5. Exponentiation $\mathbb R_{\ge 0}\times \mathbb R_+ \to \mathbb R_{\ge 0}$ and/or $\mathbb R_+\times \mathbb R\to\mathbb R_+$ by limits of the two above choices. This cannot be extended to give a value for $0^0$, because it has no limit for $(a,b)\to(0,0)$.

6. Exponentiation $\{e\}\times \mathbb R \to \mathbb R_+$ defined as a special case by the exponential function, which is again defined for example by power series. This extends to $\{e\}\times \mathbb C \to \mathbb C^\times$ for complex numbers.

7. Exponentiation $\mathbb R_+\times\mathbb R\to \mathbb R_+$ defined by $a^b = e^{b\log a}$. This doesn't extend to $a=0$ at all, and only with difficulty to complex $a$; we get multiple values due to the non-injectivity of the complex exponential.

Fortunately these definitions agree for those $(a,b)$ pairs where more than one of the concepts is defined.

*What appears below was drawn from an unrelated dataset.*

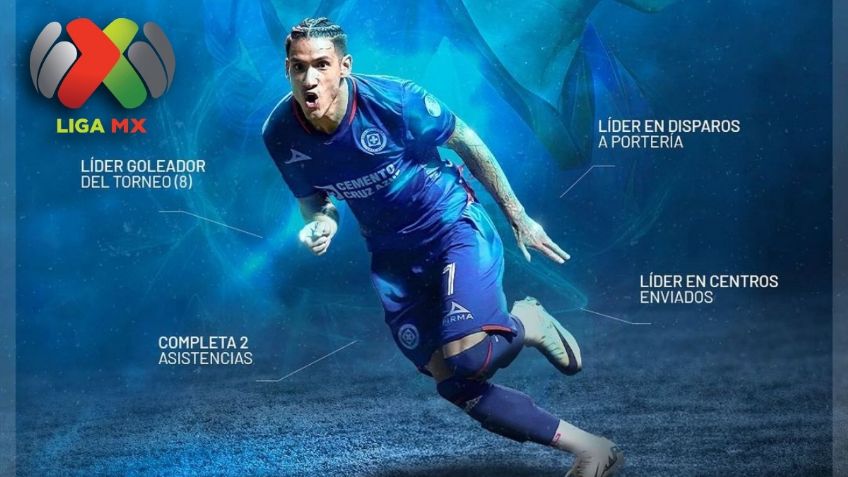 Liga MX: Antuna, Rondón y Viñas, los campeones de goleo más ‘tacaños’ de la historia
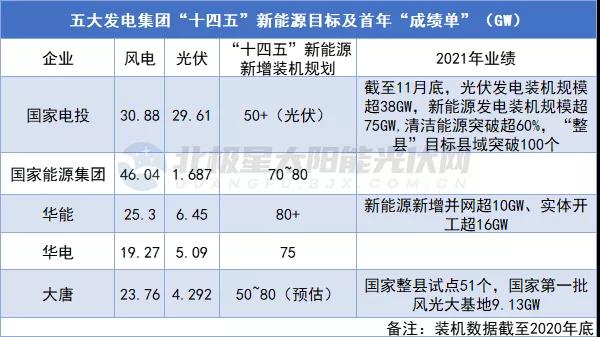 新增裝機超623GW！14家央企發(fā)布“十四五”期間新能源裝機規(guī)劃！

That's why it doesn't usually create problems to use the same notations for all of them. Note that all the definitions that do give meaning to $0^0$ result in $0^0=1$. One way to express this would be that in practice $a^b$ denotes the union of all these functions.

In practice some disagreement can arise, however, when someone claims that $a^b$ is "not defined" for some particular $(a,b)$ just because one of the definitions doesn't work for that $a$ and $b$. This is especially the case for $a=b=0$.

When $0^0$ is said to be an indeterminate form, what that means is neither more nor less than the fact that the limit $$ \lim_{x\to a} f(x)^{g(x)} $$ cannot be evaluated by taking limits of $f(x)$ and $g(x)$ separately if $f(x)\to 0$ and $g(x)\to 0$.

In particular, the word "indeterminate" does not say anything about what happens if we do apply one of the exponentiation functions to $(0,0)$ and we haven't got those zeroes by "taking limits under the limit sign".

Solution 2:

In the context of limits, $0^0$ is an indeterminate form because if the "limitand" (don't know what the correct name is) evaluates to $0^0$, then the limit might or might not exist, and you need to do further investigation.

Outside of limits, it's best to define $0^0$ as $1$ because the empty product - the product of no numbers - is defined as one.

Just like the sum of no numbers is defined as $0$:

$\quad \displaystyle \sum_{\phi(i)}x_i = 0$

where $\phi$ is a statement/property that is false for all $i$.

In product notation:

$\quad \displaystyle \prod_{\phi(i)} x_i = 1$

where $\phi(i)$ is a statement/property that is false for all $i$.

Defining $0^0 = 1$ simplifies many formulas. Many textbooks and online/offline soruces prefer not to define $0^0$ but that's pusillanimous in my view. $0^0 = 1$ works, we should use it.